◆ Instructions to follow: For each record below, output its text exactly and skip any picture.
***
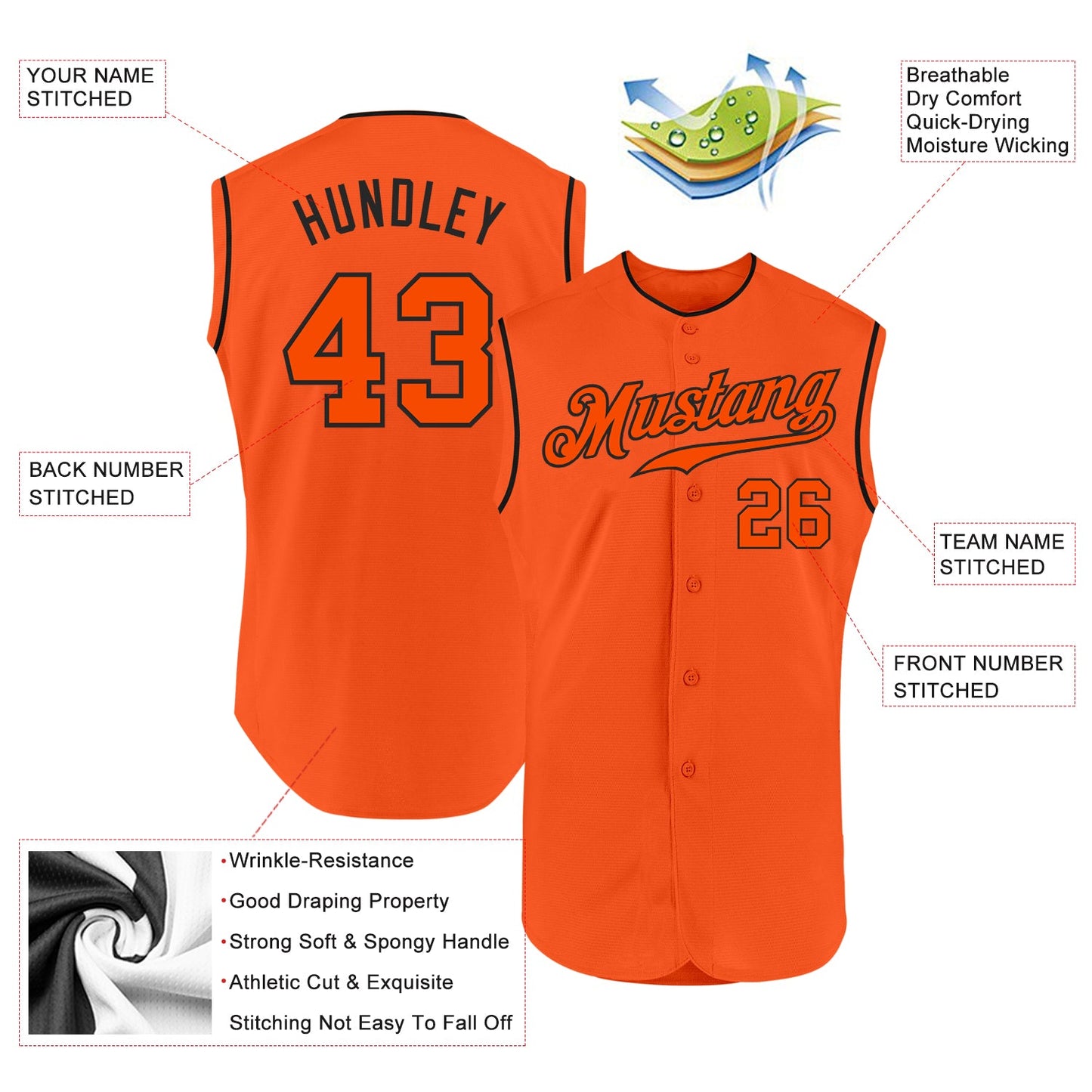 Custom Orange Orange-Black Authentic Sleeveless Baseball Jersey
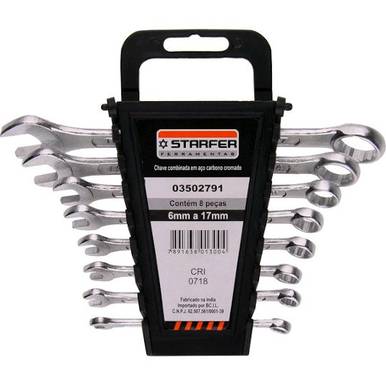 JOGO DE CHAVE COMBINADA STARFER 8 PEÇAS REF. 3502791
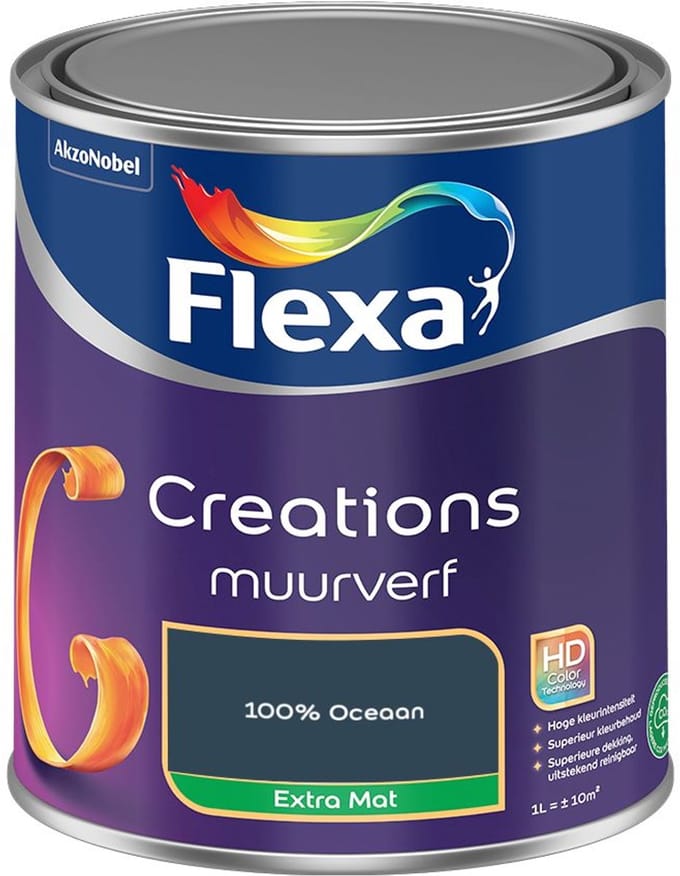 Flexa - Creations Muurverf Extra Mat - 100% Oceaan - Mengverf - 1 L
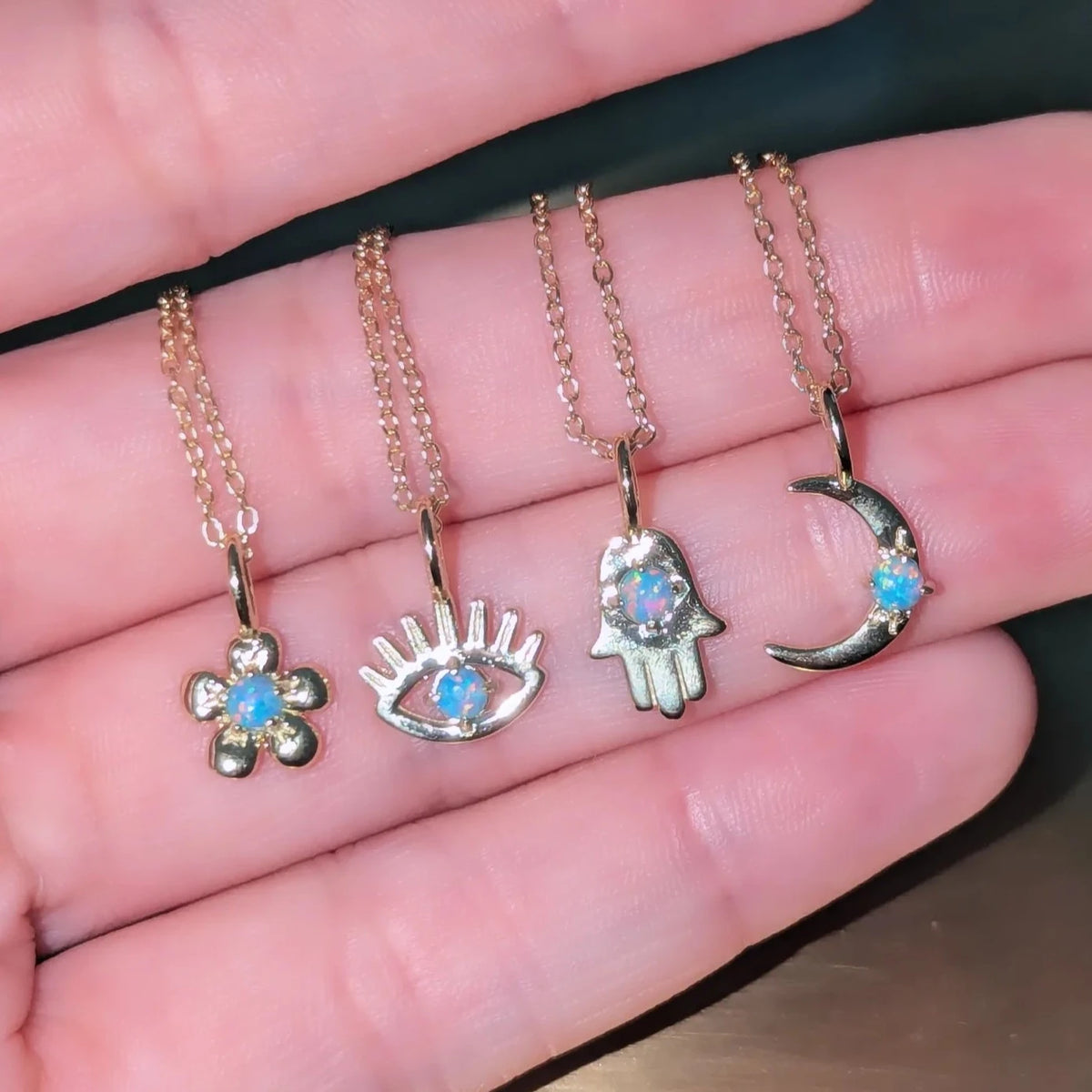 Opal Moon Charm Necklace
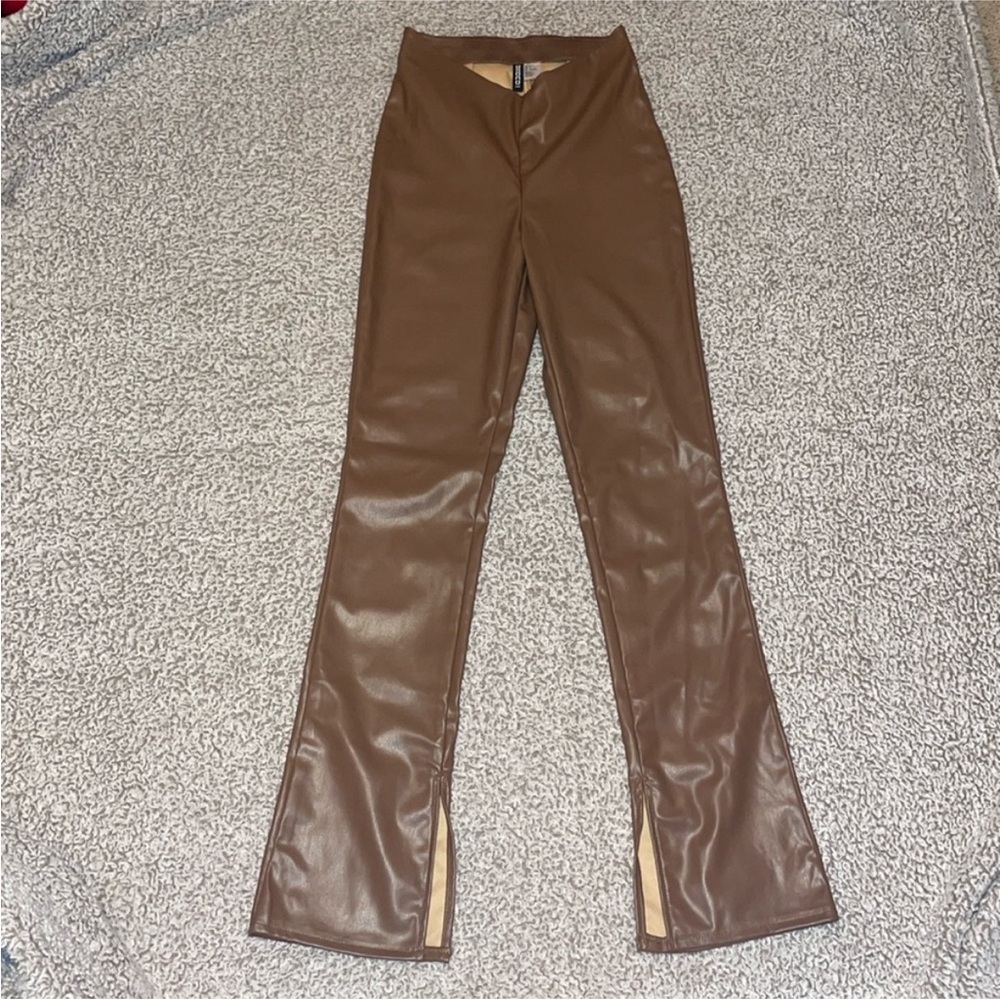 Divided h&m brown leather pants size 4 flare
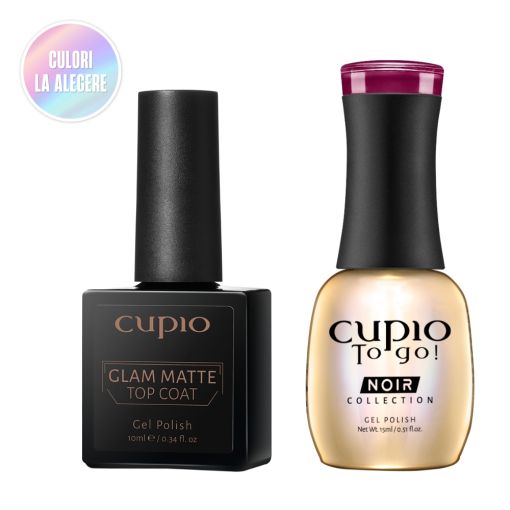 Cupio Glam Matte Top Coat und Noir Collection To Go! Gel Polish in schwarzer und goldener Verpackung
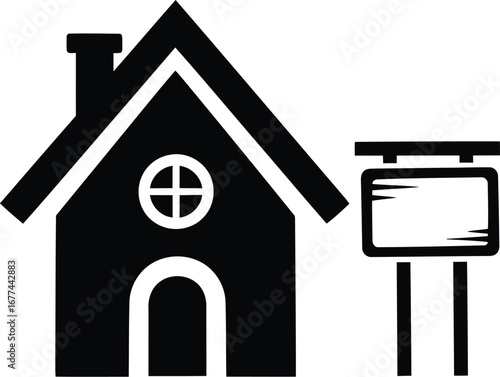 Illustration of a house with a sign, representing real estate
***
◆ Solution for this problem:
 Custom Orange Orange-Black Authentic Sleeveless Baseball Jersey
 JOGO DE CHAVE COMBINADA STARFER 8 PEÇAS REF. 3502791
 Flexa - Creations Muurverf Extra Mat - 100% Oceaan - Mengverf - 1 L
 Opal Moon Charm Necklace
 Divided h&m brown leather pants size 4 flare
 Cupio Glam Matte Top Coat und Noir Collection To Go! Gel Polish in schwarzer und goldener Verpackung
 Illustration of a house with a sign, representing real estate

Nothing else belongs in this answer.